There also is a criminal FCA (18 U.S.C. § 287). Criminal penalties for submitting false claims include imprisonment and criminal fines. Physicians have gone to prison for submitting false health care claims. OIG also may impose administrative civil monetary penalties for false or fraudulent claims, as discussed below.
As noted above, the False Claims Act permits private parties to file suits against third parties and take a piece of the action if the DOJ intervenes and obtains a judgment. These private parties are called Relators. Often former and disgruntled employees file such a claim. Former and disgruntled employees are prime for such a role because they know where the dirt is in an organization or practice. There are steps that can be taken to minimize such a threat but you have to be proactive to do so. Otherwise, the house of cards can fall on you.
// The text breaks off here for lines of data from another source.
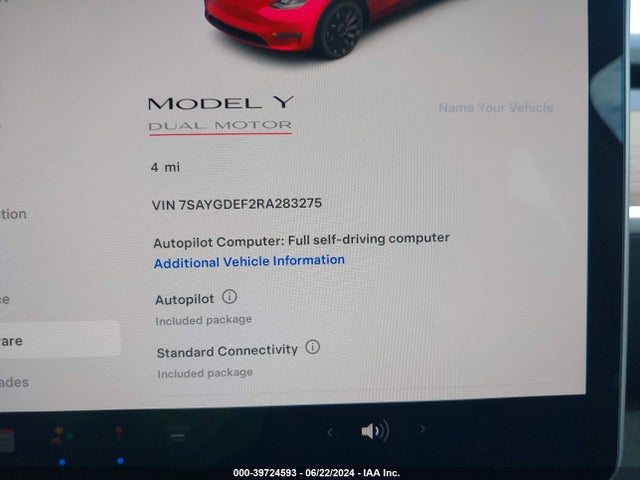 2024 TESLA MODEL Y 7SAYGDEF2RA283275 Photo 6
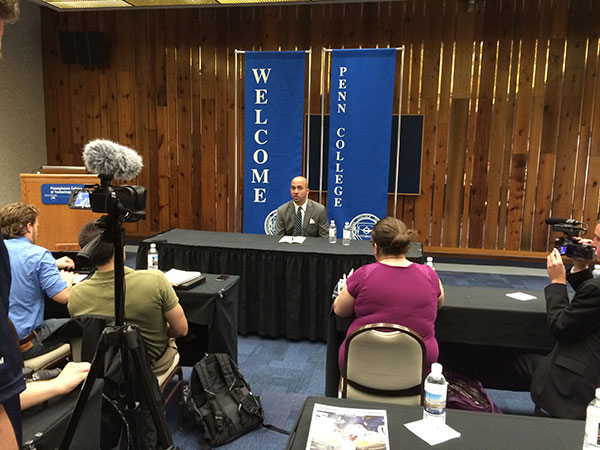 Franklin meets the press prior to a sold-out lunch across campus.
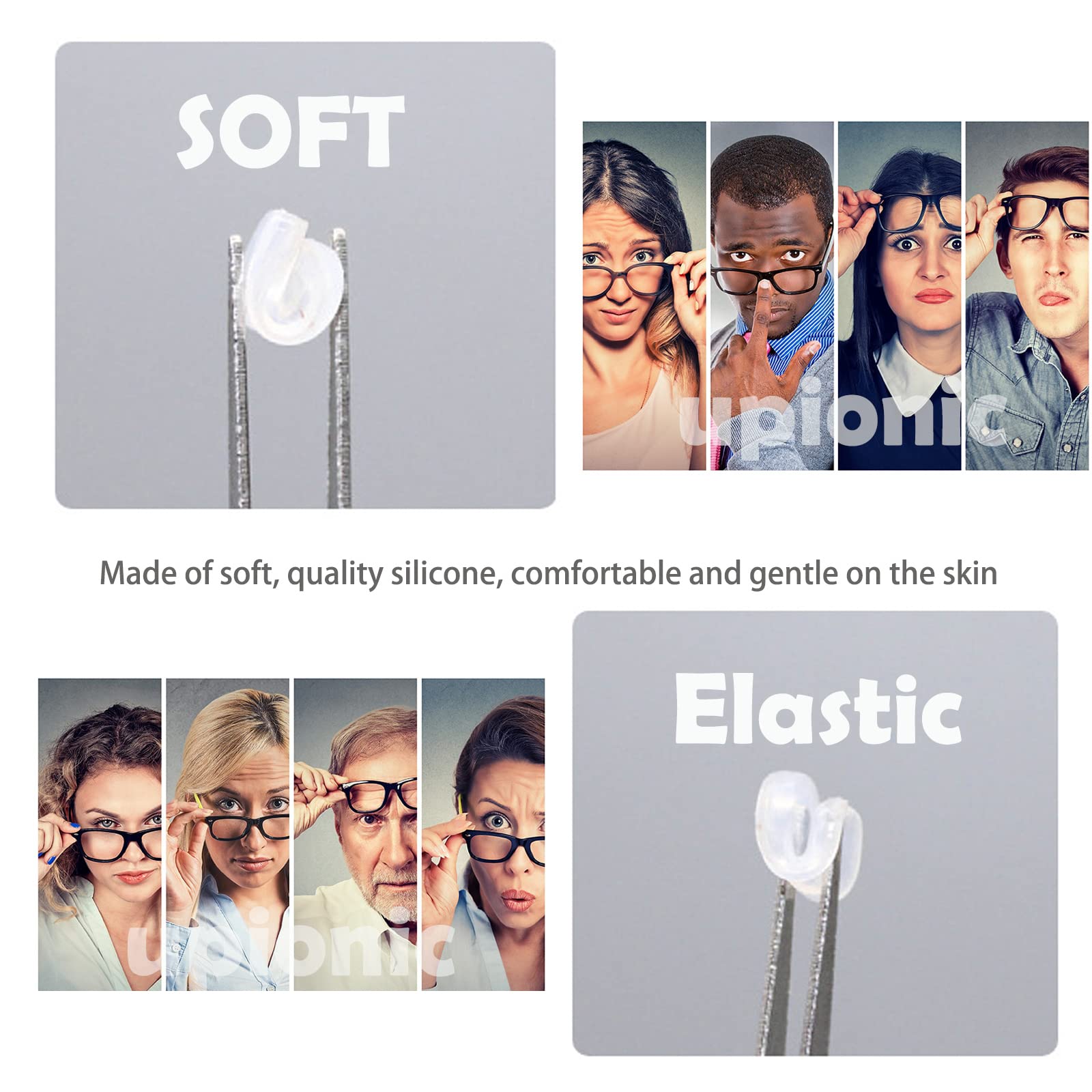 D-shaped ergonomic silicone nose pad for glasses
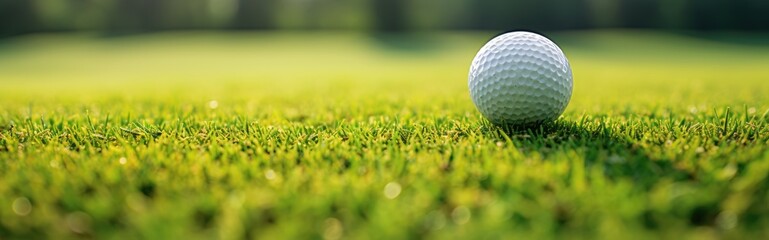 Golf Ball on Green Background, Banner and Copy Space. Generative AI
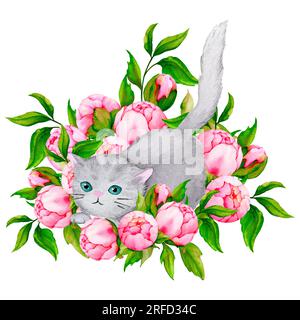 Fluffy gray cat in peonies. Cute watercolor illustration on the theme of pets. Ready-made design for a poster, card, invitation, congratulations, prin Stock Photo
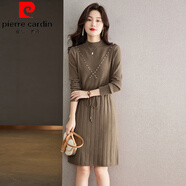 皮爾卡丹（pierre cardin）羊毛連衣裙中長款毛衣女秋冬2024新款針織羊毛衫小香風(fēng)裙子 咖色 2XL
Anti-Kickback Statute [42 U.S.C. § 1320a-7b(b)]
The AKS is a criminal law that prohibits the knowing and willful payment of “remuneration” to induce or reward patient referrals or the generation of business involving any item or service payable by the Federal health care programs (e.g., drugs, supplies, or health care services for Medicare or Medicaid patients). Remuneration includes anything of value and can take many forms besides cash, such as free rent, expensive hotel stays and meals, and excessive compensation for medical directorships or consultancies. In some industries, it is acceptable to reward those who refer business to you. However, in the Federal health care programs, paying for referrals is a crime. The statute covers the payers of kickbacks—those who offer or pay remuneration— as well as the recipients of kickbacks—those who solicit or receive remuneration. Each party’s intent is a key element of their liability under the AKS. Criminal penalties and administrative sanctions for violating the AKS include fines, jail terms, and exclusion from participation in the Federal health care programs. Under the CMPL, physicians who pay or accept kickbacks also face penalties of up to $50,000 per kickback plus three times the amount of the remuneration.
Safe harbors protect certain payment and business practices that could otherwise implicate the AKS from criminal and civil prosecution. To be protected by a safe harbor, an arrangement must fit squarely in the safe harbor and satisfy all of its requirements. Some safe harbors address personal services and rental agreements, investments in ambulatory surgical centers, and payments to bona fide employees.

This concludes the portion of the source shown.